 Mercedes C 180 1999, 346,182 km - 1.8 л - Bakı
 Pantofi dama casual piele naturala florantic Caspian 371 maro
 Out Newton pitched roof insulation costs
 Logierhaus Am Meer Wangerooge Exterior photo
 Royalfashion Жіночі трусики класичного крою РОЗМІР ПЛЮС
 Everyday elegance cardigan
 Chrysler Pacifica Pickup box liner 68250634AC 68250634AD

────────────────────

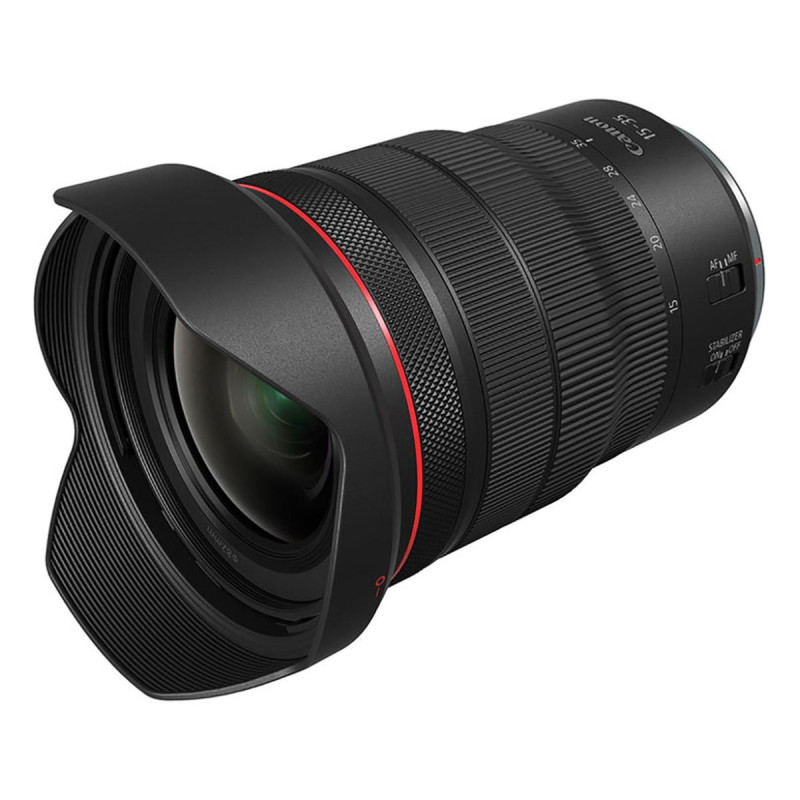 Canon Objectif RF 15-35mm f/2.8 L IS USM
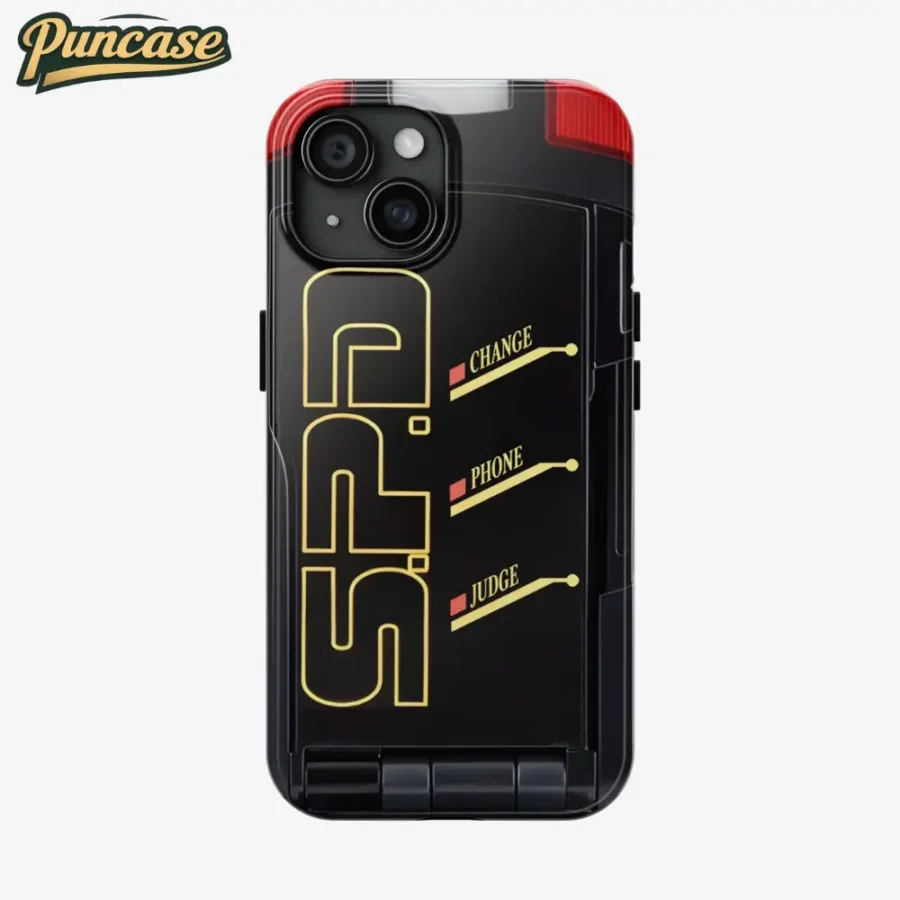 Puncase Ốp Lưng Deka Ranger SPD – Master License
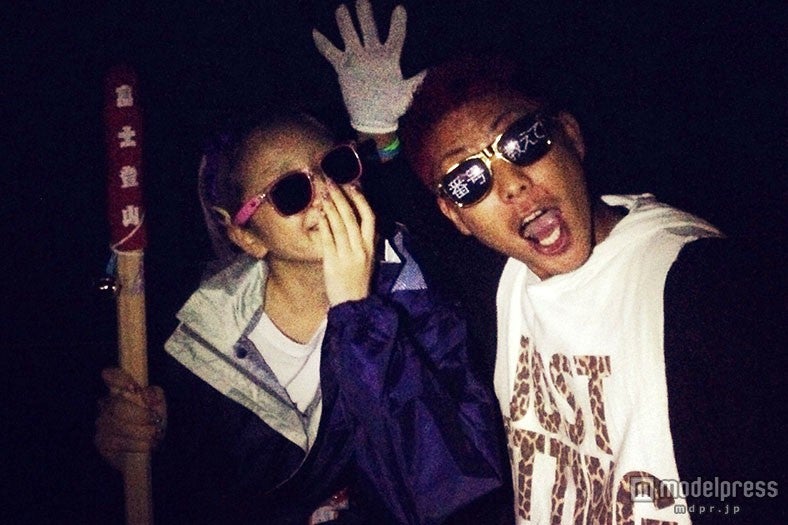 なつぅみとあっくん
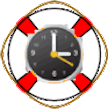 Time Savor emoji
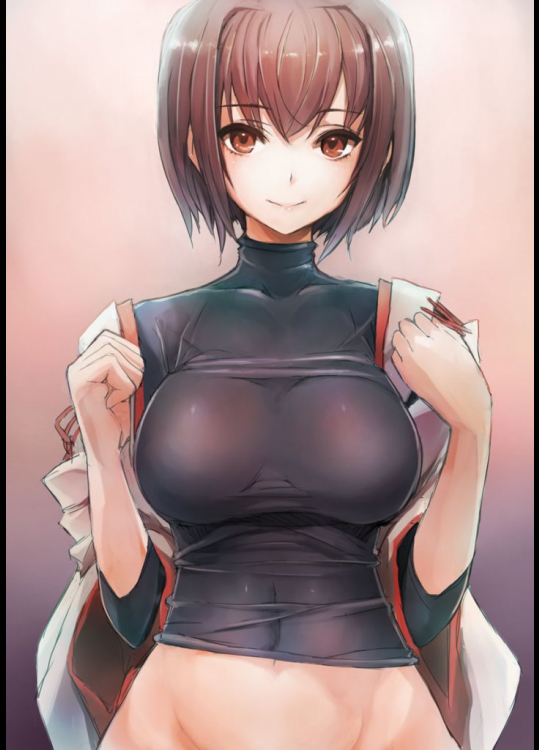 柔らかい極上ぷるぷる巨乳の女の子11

────────────────────

| WHAT THE TASK ASKS |
Print, word for word, the lines above that run from the line containing "Puncase Ốp Lưng" to the line containing "柔らかい極上ぷるぷる巨乳の女の子11", both included. Keep the pictures out.

| TASK SOLUTION |
 Puncase Ốp Lưng Deka Ranger SPD – Master License
 なつぅみとあっくん
 Time Savor emoji
 柔らかい極上ぷるぷる巨乳の女の子11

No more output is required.